Institutional Activism Through Litigation: An Empirical Analysis of Public Pension Fund Participation in Securities Class Actions


George W. Matheson Professor of Law, St. John's University School of Law, 8000 Utopia Pkwy, Jamaica, NY 11439; email: Subject to the usual caveats, I would like to thank John Beckerman, Bernard Black, Ted Eisenberg, Jill Fisch, Joseph Grundfest, Michael Klausner, Ronald Masulis, and Jeff Rachlinski, as well as the participants at the 2006 American Law and Economics Association Annual Meeting, the 2005 Eugene P. and Delia S. Murphy Conference on Corporate Law at Fordham University School of Law, and workshops at Vanderbilt and Stanford Law Schools for helpful comments and suggestions on this article.
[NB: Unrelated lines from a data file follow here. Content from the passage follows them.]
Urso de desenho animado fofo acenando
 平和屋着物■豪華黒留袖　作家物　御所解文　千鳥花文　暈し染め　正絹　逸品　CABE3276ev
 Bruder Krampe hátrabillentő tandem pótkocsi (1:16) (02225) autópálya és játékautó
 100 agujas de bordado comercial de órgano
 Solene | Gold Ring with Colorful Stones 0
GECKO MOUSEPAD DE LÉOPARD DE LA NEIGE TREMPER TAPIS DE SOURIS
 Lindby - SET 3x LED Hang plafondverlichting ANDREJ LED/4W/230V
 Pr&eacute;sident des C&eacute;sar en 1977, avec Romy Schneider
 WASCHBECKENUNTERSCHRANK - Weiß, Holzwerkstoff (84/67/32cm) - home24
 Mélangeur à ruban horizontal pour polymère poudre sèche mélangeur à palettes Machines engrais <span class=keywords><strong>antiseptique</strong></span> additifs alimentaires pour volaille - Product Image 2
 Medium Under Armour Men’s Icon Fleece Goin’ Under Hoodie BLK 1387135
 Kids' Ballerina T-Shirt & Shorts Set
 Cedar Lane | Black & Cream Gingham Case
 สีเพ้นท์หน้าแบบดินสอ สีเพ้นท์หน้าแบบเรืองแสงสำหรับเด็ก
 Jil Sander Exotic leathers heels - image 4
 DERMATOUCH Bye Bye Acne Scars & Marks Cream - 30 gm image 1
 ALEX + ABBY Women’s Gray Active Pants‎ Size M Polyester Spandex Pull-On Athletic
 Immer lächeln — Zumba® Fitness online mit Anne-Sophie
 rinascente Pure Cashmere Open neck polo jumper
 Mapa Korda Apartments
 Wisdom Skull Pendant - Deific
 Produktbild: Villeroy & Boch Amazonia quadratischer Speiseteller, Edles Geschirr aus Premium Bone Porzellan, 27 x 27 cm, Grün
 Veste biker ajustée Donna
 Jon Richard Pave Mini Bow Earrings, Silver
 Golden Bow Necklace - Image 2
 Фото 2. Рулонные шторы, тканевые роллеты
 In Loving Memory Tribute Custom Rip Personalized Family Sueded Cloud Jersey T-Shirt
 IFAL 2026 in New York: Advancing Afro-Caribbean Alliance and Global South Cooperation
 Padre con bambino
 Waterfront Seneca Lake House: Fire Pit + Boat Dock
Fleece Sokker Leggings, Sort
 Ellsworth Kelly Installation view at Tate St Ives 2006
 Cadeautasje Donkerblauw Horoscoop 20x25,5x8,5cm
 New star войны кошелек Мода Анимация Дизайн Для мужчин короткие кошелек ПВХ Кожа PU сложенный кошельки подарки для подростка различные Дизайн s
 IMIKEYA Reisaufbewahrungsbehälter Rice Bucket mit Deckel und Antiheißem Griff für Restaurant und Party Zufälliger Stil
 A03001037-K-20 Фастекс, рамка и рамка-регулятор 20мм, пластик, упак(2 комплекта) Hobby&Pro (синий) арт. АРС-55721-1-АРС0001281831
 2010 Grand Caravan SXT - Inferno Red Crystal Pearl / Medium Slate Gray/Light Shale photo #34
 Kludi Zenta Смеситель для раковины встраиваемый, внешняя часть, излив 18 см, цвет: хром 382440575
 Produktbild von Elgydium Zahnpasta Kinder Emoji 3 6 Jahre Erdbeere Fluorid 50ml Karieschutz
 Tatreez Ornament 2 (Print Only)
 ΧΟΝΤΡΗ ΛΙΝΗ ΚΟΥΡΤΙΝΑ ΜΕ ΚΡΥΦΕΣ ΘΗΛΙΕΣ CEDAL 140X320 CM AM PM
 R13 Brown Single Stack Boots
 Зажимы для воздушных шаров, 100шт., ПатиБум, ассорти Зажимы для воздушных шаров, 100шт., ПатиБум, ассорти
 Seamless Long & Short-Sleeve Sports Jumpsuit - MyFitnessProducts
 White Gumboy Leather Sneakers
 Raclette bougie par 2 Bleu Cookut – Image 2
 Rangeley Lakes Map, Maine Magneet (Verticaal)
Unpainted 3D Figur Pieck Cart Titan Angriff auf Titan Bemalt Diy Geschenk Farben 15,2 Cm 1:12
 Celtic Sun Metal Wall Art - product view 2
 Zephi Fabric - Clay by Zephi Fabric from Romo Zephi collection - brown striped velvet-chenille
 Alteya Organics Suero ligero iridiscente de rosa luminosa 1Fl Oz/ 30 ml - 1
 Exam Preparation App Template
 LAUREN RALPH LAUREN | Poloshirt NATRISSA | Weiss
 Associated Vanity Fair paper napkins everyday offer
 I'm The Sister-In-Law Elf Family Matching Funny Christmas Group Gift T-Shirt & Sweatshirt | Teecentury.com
The PSLRA's lead plaintiff provision enlisted institutional investors to monitor class counsel in order to curb the agency costs endemic in securities class actions. This article uses a sample of 731 settlements to examine the efficacy of this provision. It finds that, even when controlling for institutional self-selection of potentially easier or higher-quality cases, cases with public pension lead plaintiffs have larger recoveries and lower fee requests and fee awards than cases with other lead plaintiff types. The article also finds evidence consistent with the existence of a significant positive externality associated with public pension participation. Over time, fee requests and fee awards have on average declined significantly even in cases without such lead plaintiffs. These findings suggest that public pensions act as more effective monitors of class counsel than traditional plaintiffs and that the lead plaintiff provision has substantially reduced the transactions costs associated with securities class actions.